The Infectious Diseases Institute (IDI) is a Ugandan not-for-profit organization established within Makerere University which aims to strengthen health systems in Africa, with a strong emphasis on infectious diseases, through research and capacity development. In pursuit of its mission, both in Uganda and in Sub-Saharan Africa, IDI provides care to People Living with HIV (PLHIV) and other infectious diseases, builds capacity among healthcare workers through training and ongoing support, maintains a focus on prevention, and carries out relevant research.

== Background ==
IDI was created in 2002 as an academic public/private partnership consisting of the Makerere University School of Medicine, the Mulago National Referral Hospital, the Ministry of Health (Uganda), and Pfizer Inc. with the Pfizer Foundation, together with a group of infectious diseases experts from Uganda and North America named the Academic Alliance for AIDS Care and Prevention in Africa (AA). The Academic Alliance Foundation was formed in 2003 and was later renamed the Accordia Global Health Foundation in 2008.
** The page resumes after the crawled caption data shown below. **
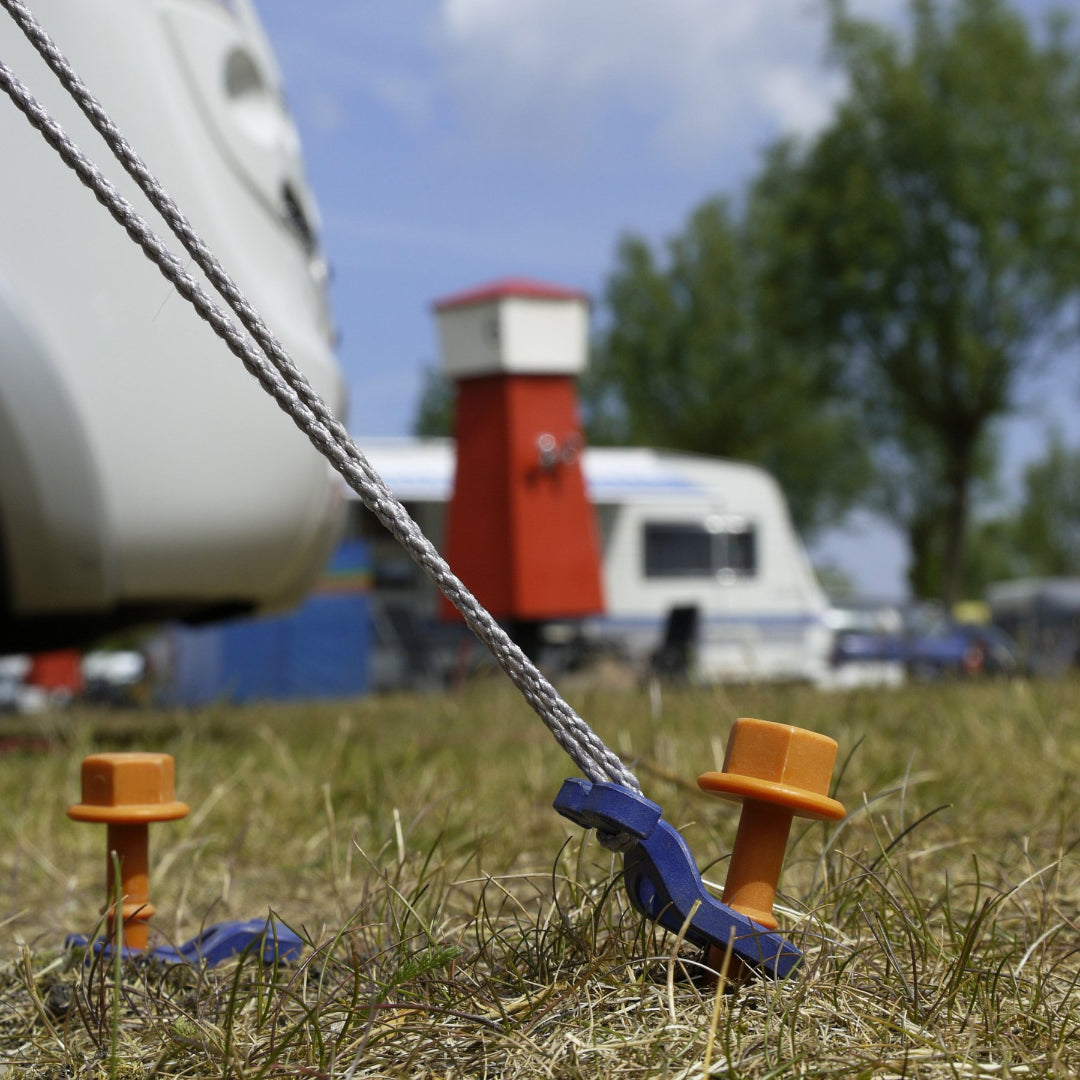 Peggy Peg Screw-in Pegs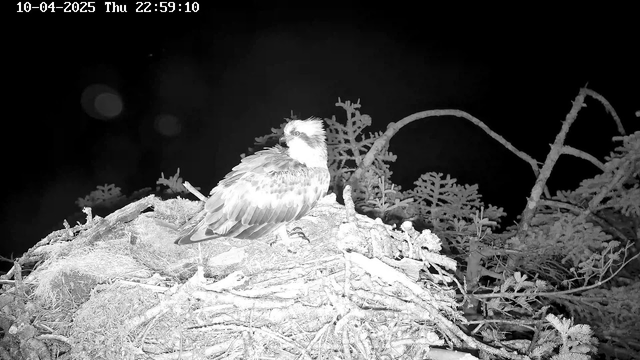A bird, likely an osprey, is perched on a nest made of twigs and branches. The bird has a distinctive white head with dark markings and a brown body with lighter streaks on its wings. The background is mostly dark, indicating nighttime, with some blurred green foliage visible. The scene appears to be captured in infrared, giving it a ghostly appearance.
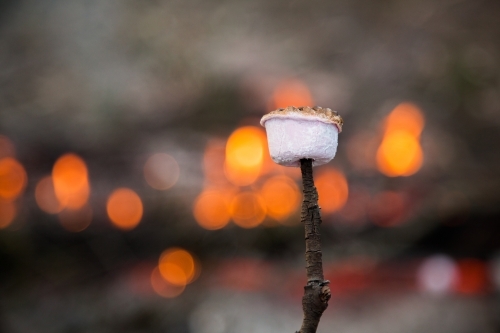 Toasted pink marshmallow on a stick by a campfire with bokeh light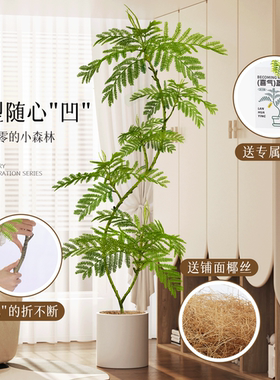 【高端轻奢】仿真蓝花楹可凹造型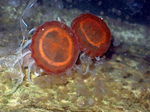 two medusae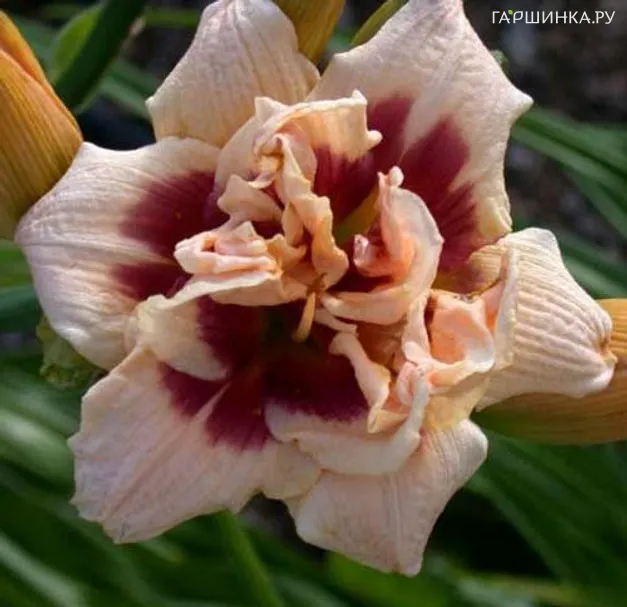 Лилейник Росвита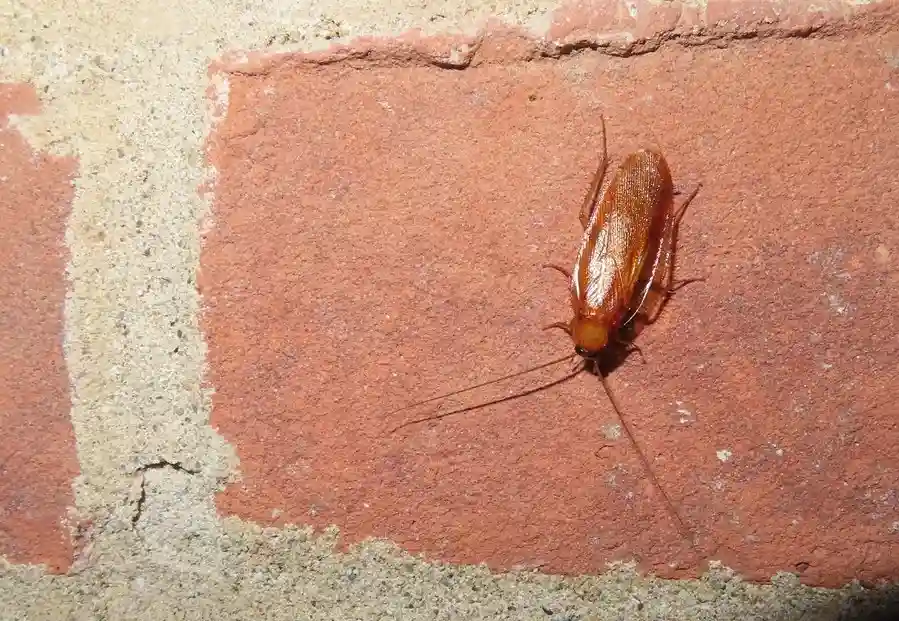 Wood Roach 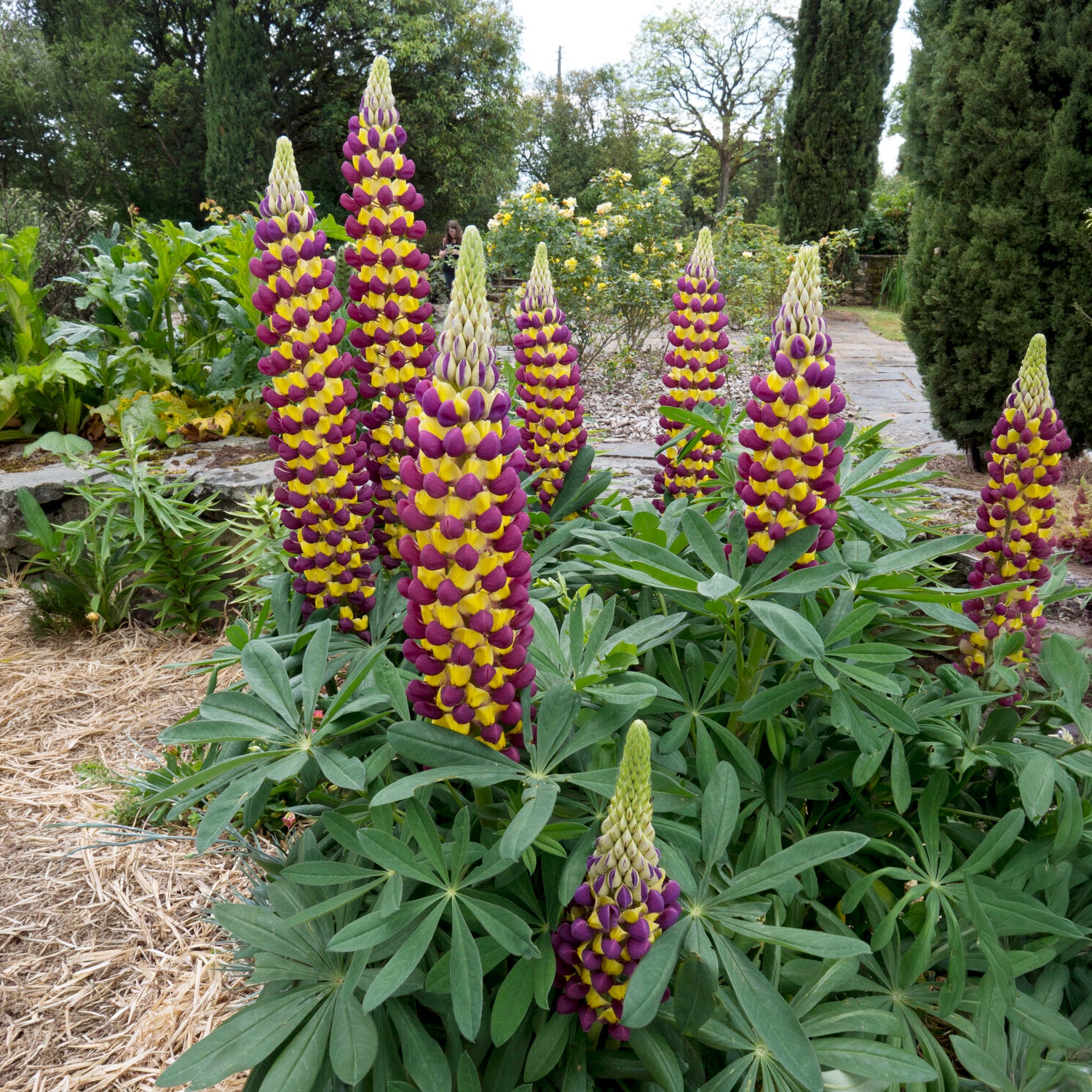 Bakker Lupin Manhattan Lights vivace bicolore pot 8cm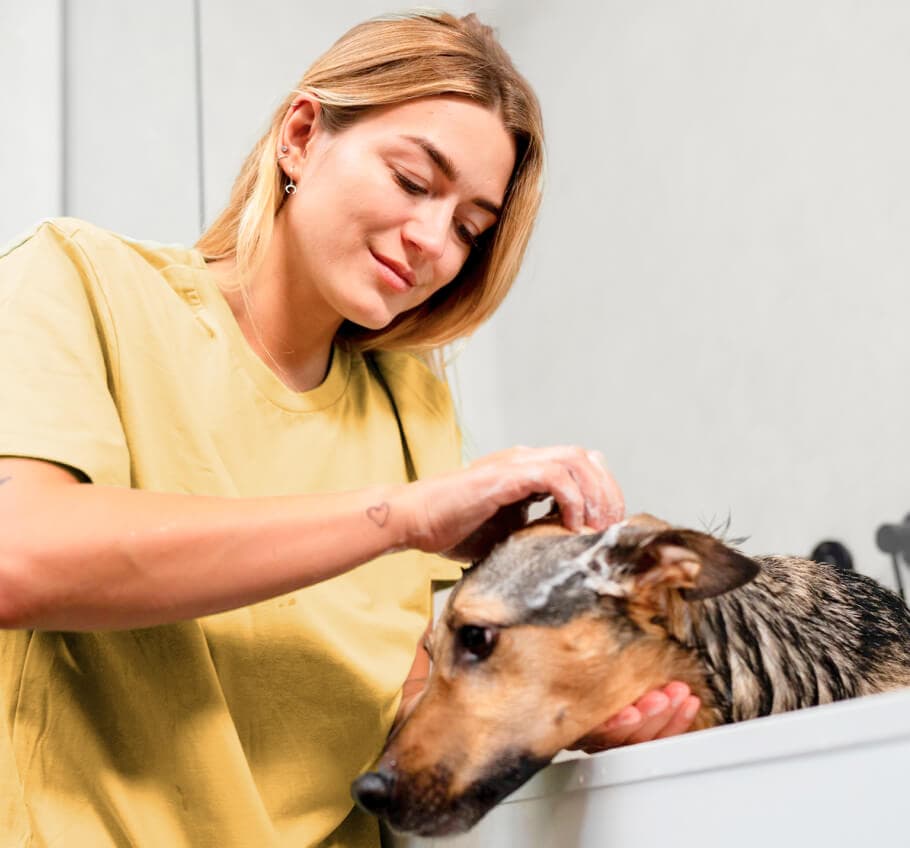 Groomer bañando a un perro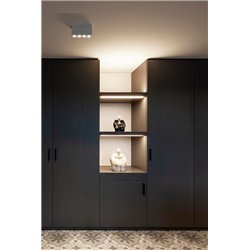 Wever & Ducré Pirro Spot Surface 4.0 Ceiling lamp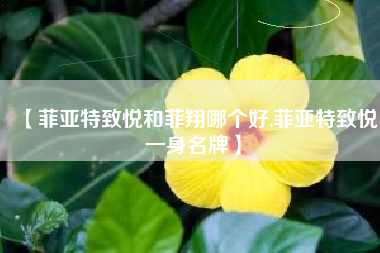 【菲亚特致悦和菲翔哪个好,菲亚特致悦一身名牌】 【菲亚特致悦和菲翔哪个好,菲亚特致悦一身名牌】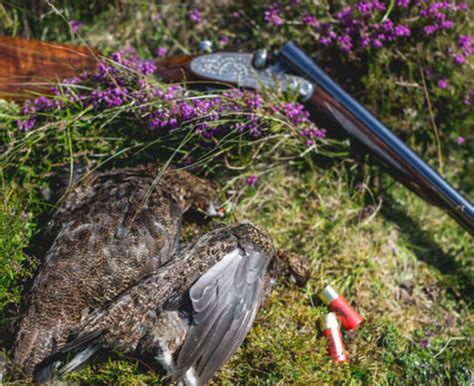 Robin Hurt Safaris Bird Shooting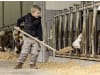 KERBL Aluschaufel "Mini" Breite 26 cm, für Kinder ab 5 Jahren, 29714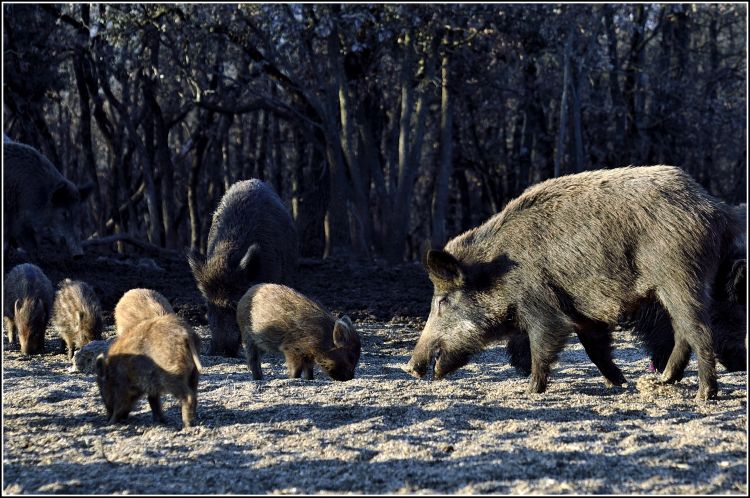 Wallpapers Animals Boars Famille nombreuse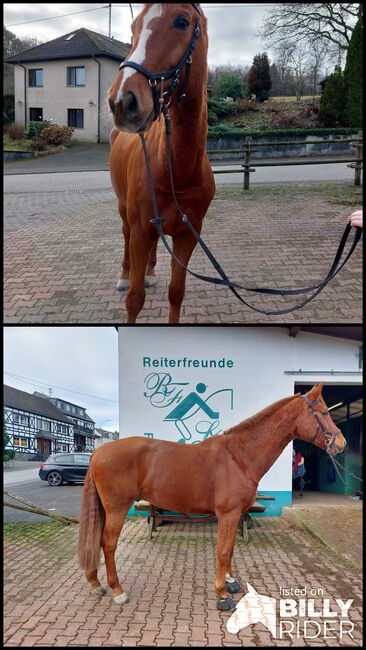 Zangersheide Fuchswallach, Julia Kreuz, Horses For Sale, Boppard , Image 3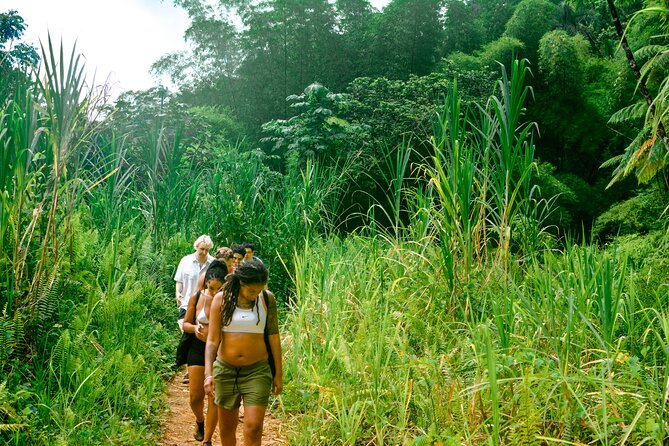 Small-Group El Yunque Rainforest Vivid Day Tour With Transport - Refreshing Natural Pools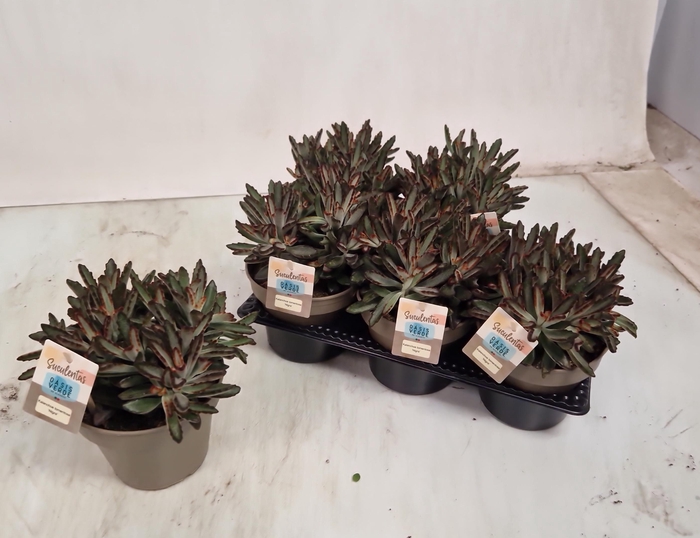 <h4>KALANCHOE TOMENTOSA</h4>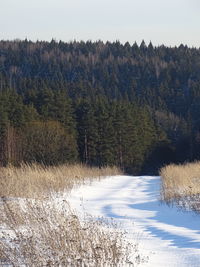 Scenic view of snow covered land against sky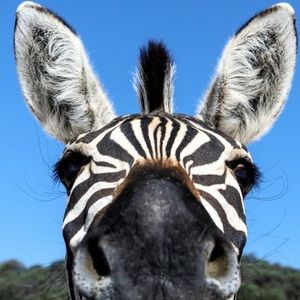 Meet your Posher, Monica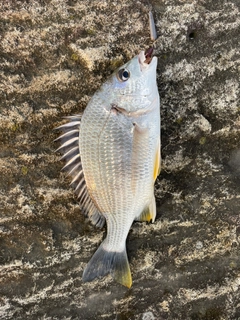 キビレの釣果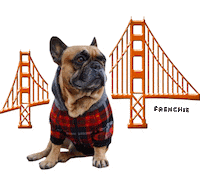 French Bulldog Sticker by frenchiepetsupply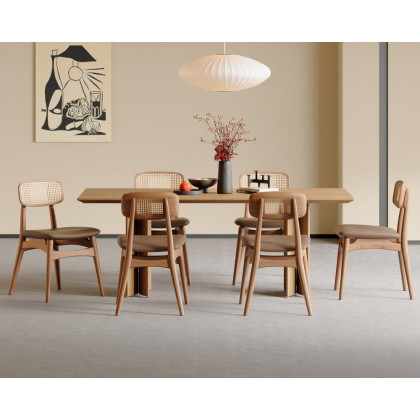 HMR - Modern Rattan Dining Chair with High Back (Set of 2) in Walnut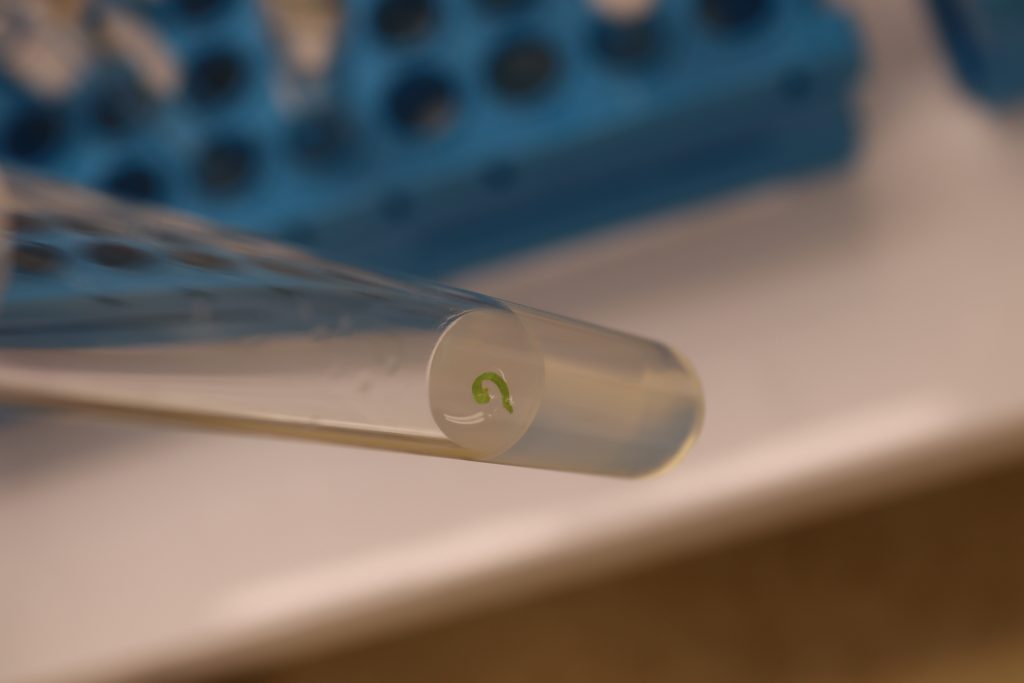 Laboratorul de biotehnologii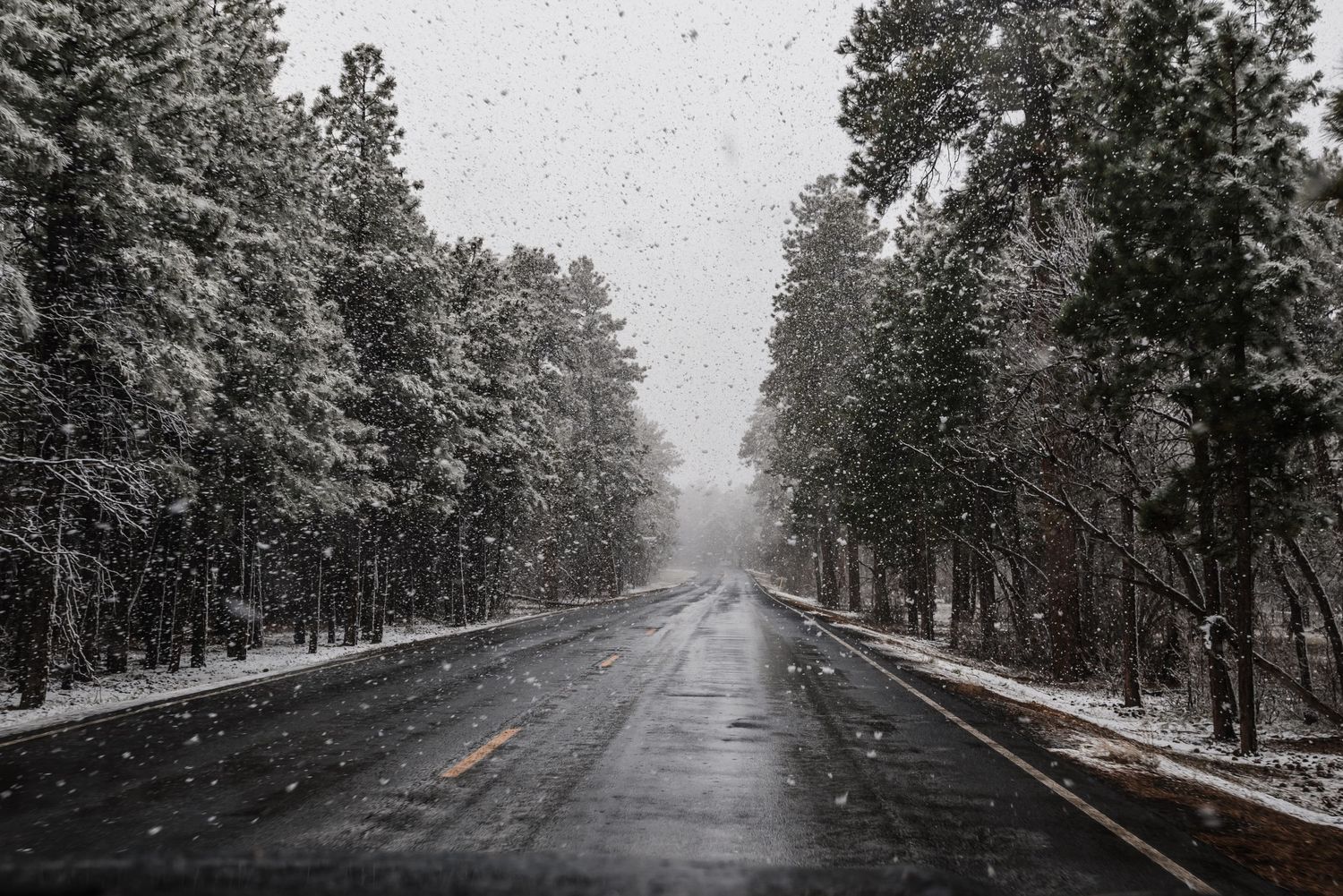 Snow falls on a tree-lined road stretching into foggy winter distance.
Infectious Diseases Institute Limited (IDIL) (operating as IDI) is registered as a non-profit company limited by guarantee without share capital. In 2004, Makerere University became the sole guarantor of IDIL. In 2009, with the creation of the College of Health Sciences at Makerere University, IDI became an integral part of the School of Medicine within the College. IDI also maintains a strong relationship with the Ministry of Health, Uganda through its support of Regional Referral Hospitals and other key Ministry of Health functions and facilities.

== Scope of Work ==
With a focus on infectious diseases, IDI operates in five main areas:
1. Prevention, Care and Treatment: IDI supports over 100,000 HIV+ people across Uganda in both urban and rural settings in Uganda (both directly, and in partnership with government and non-government health facilities). This translates into about 10% of the national effort. Of the 100,000 people living with HIV, IDI Outreach department cares for over 90,000. Additionally, IDI provides extensive prevention services such as voluntary medical male circumcision and has circumcised over 230,000 men, as of June 2016. as well as Prevention of Mother to Child HIV Transmission. As a national referral centre, IDI manages complicated HIV cases.
2. Training and Capacity Development: Each year, IDI trains approximately 1,500 health care workers from across Africa in HIV/AIDS and TB co-infection, malaria, lab services, pharmacy, systems strengthening (data management, monitoring and evaluation, grants management), and research capacity building. As of June 2016, IDI has trained over 19,000 participants, 11,844 queries have been answered through the toll free Advanced Treatment Information Center (ATIC) since 2004 and IDI has also provided technical assistance across 80 districts in Uganda.
3. Research: Since 2001, IDI has published over 500 research articles in peer-reviewed journals. As of June 2016, IDI had 47 active research grants including 13 clinical trials, 17 observational studies and 17 capacity building projects.
4. Laboratory Services: In 2005, the joint Makerere University-Johns Hopkins University "MUJHU" laboratory moved to IDI. The Makerere University & Johns Hopkins lab, is College of American Pathologists (CAP) certified laboratory “MUJHU” lab recognized by the American Food and Drug Administration. IDI also manages a translational laboratory in partnership with University of California, San Francisco (UCSF) and other international partners. Every year "MUJHU" lab conducts approximately 160,000 tests. The MU-JHU laboratory at IDI is the first laboratory outside of the United States to be recognized by the Medical Laboratory Observer's Laboratory of the Year Award. As of June 2016, both the core and central labs has tested over 117,000 units.
5. Outreach: In partnership with the CDC, ViiV, USAID, Gates Foundation, and others, IDI programs operate in 70% of Ugandan districts.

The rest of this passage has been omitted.